Bug 479180 - baloo sometimes fails to index content of new files; 'Mzerosize'
Summary: baloo sometimes fails to index content of new files; 'Mzerosize'
Status: REPORTED
Alias: None
Product: frameworks-baloo
Classification: Frameworks and Libraries
Component: Baloo File Daemon (show other bugs)
Version: 5.111.0
Platform: Fedora RPMs Linux
: NOR major
Target Milestone: ---
Assignee: baloo-bugs-null
URL:
Keywords:
Depends on:
Blocks:
 
Reported: 2023-12-30 03:48 UTC by skierpage
Modified: 2023-12-30 03:48 UTC (History)
0 users

See Also:
Latest Commit:
Version Fixed In:
Sentry Crash Report:


Attachments

Note You need to log in before you can comment on or make changes to this bug.
Description skierpage 2023-12-30 03:48:06 UTC
SUMMARY
In https://discuss.kde.org/t/how-do-i-troubleshoot-baloo/2830/3? , a user reported Baloo did not index a .flac file as a music file, commenting
> I found that balooshow -x <file> exists. When I run this for files that are
> shown in Elisa I get the line Property Terms: Maudio Mflac T2 whereas
> the files that aren’t showing in Elisa have the line Property Terms: Mapplication
> Moctet Mstream.

I have not experienced that, but I have noticed that baloo sometimes does not index the contents of text files. A few times when I create a text file (on both btrfs file system and an NTFS partition mounted in Linux with the ntfs-3g FUSE file system), I noticed that its contents aren't indexed, and `balooshow -x <file>` shows
  XAttr Terms: 
  Plain Text Terms: 
  Property Terms: Mapplication Mx Mzerosize
i.e. no words in the file were indexed, and note the Mzerosize. The latter comes from baloo/src/file/basicindexingjob.cpp when filePathToStat() believes statBuf.st_size == 0. But the file is definitely non-zero length and baloo should have indexed its words.

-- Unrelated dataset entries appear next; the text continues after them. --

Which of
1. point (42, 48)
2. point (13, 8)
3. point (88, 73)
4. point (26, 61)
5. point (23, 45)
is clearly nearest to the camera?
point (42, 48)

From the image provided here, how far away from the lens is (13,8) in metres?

These two cases may be unrelated, but in both it seems that baloo sometimes indexes a file when its contents aren't fully present. And in the second case, it seems `balooctl index <file>` fails to fix the problem and index the file contents; you have to `balooctl clear <file>` first.

STEPS TO REPRODUCE
0. Run `balooctl monitor` in a second terminal window
1. Somewhere in a GUI, enter a unique word like "flamablama", and copy it.
2. I used the Wayland command-line utility wl-paste in the terminal command `wl-paste > /path/to/file.txt` 
3. Run the terminal command `balooshow -x /path/to/file.txt`
4. Run the terminal command `baloosearch flamablama`
5. Run the terminal command `balooct index /path/to/file.txt`
6. Repeat steps 3 and 4.
7. Repeat the steps but instead create the text file in a text editor like vim.

OBSERVED RESULT
Sometimes, balooctl monitor shows
  Indexing new files
  Idle
without displaying "Indexing: /path/to/file.txt: Ok", and balooshow output includes
  Internal Info
  File Name Terms: Ffile Ftxt 
  XAttr Terms: 
  Plain Text Terms: 
  Property Terms: Mapplication Mx Mzerosize
, and baloosearch does not return the new file.

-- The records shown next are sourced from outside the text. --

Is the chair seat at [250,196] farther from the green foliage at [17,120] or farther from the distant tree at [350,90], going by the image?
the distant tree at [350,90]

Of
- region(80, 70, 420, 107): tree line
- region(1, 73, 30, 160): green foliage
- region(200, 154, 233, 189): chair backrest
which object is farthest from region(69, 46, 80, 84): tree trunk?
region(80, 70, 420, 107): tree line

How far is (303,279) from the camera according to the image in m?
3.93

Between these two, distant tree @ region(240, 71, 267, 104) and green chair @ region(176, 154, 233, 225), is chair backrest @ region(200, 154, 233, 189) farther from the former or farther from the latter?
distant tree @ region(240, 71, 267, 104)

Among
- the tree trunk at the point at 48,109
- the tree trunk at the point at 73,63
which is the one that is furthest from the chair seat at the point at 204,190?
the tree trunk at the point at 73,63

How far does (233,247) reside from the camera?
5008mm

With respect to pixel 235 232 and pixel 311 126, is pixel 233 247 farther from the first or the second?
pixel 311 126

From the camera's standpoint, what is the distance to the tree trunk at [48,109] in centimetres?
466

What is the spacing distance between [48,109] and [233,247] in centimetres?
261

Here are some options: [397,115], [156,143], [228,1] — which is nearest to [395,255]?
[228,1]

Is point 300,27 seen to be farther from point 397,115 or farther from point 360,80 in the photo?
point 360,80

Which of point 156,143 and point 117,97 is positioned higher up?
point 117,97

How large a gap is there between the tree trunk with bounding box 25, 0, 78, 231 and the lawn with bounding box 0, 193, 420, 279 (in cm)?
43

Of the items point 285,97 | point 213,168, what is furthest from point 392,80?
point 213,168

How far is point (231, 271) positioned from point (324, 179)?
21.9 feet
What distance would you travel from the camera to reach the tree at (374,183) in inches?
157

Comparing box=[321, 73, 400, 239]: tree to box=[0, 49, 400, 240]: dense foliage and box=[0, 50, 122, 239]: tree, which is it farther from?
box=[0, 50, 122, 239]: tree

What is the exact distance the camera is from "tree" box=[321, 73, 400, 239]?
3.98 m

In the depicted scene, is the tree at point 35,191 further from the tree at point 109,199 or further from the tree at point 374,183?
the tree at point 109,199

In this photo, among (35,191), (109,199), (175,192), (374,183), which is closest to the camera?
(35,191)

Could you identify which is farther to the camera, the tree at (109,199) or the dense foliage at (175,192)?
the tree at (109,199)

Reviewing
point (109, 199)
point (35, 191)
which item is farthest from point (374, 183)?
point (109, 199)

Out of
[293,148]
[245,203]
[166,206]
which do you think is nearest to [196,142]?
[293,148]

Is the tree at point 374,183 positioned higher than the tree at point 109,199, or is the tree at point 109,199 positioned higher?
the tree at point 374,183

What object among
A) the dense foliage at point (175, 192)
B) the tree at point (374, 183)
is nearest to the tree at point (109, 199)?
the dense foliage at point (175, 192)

When indexing fails in this way, the manual forced indexing of the file  `balooctl index /path/to/file.txt` step prints
  Indexing /path/to/file.txt
  File(s) indexed
but the file's contents remain unknown to baloo. The second `balooshow -x /path/to/file.txt` prints slightly different metadata:
  Plain Text Terms: 
  Property Terms: Mplain Mtext T5 T8
The meta attribute Mzerosize is gone and baloo detected the mime type correctly (now text/plain, not x/application), but baloo still did not index the file contents.

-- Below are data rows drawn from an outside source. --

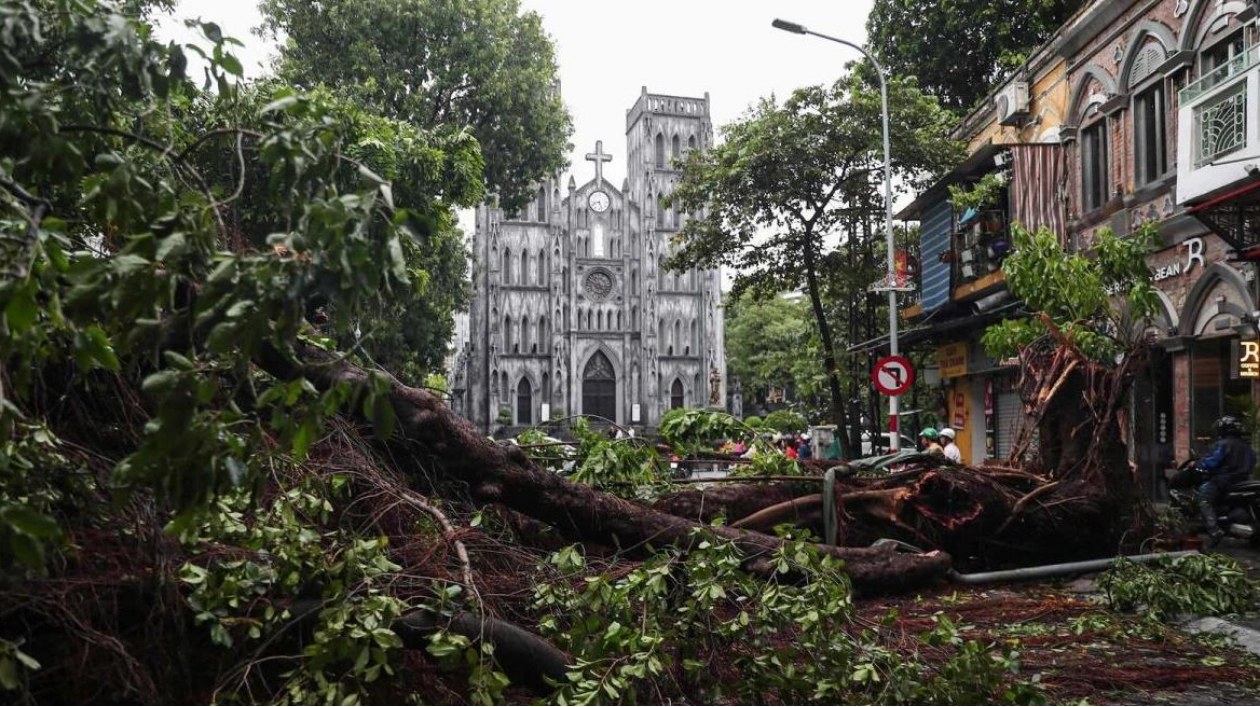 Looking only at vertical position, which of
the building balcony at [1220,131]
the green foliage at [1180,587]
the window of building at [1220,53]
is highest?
the window of building at [1220,53]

When I create new files in the `vim` file editor, baloo seems to reliably index their contents.

EXPECTED RESULT
Baloo should reliably index new files.
`balooctl index` should actually index a file's current contents, even if you don't clear it from the index first.

SOFTWARE/OS VERSIONS
Linux/KDE Plasma:
KDE Plasma Version: 5.27.0
KDE Frameworks Version: 5.111.0
Qt Version: 5.15.11 on Wayland

ADDITIONAL INFORMATION
_IF_ you notice this, the fix is to run `balooctl clear /path/to/file.txt` then `balooctl index /path/to/file.txt`.
I turned on kf.baloo and kf.filemetadata debug output and did not see anything useful in `journalctl` output.

I don't know if this is a file system issue; maybe Qt's filePathToStat() is caching file info.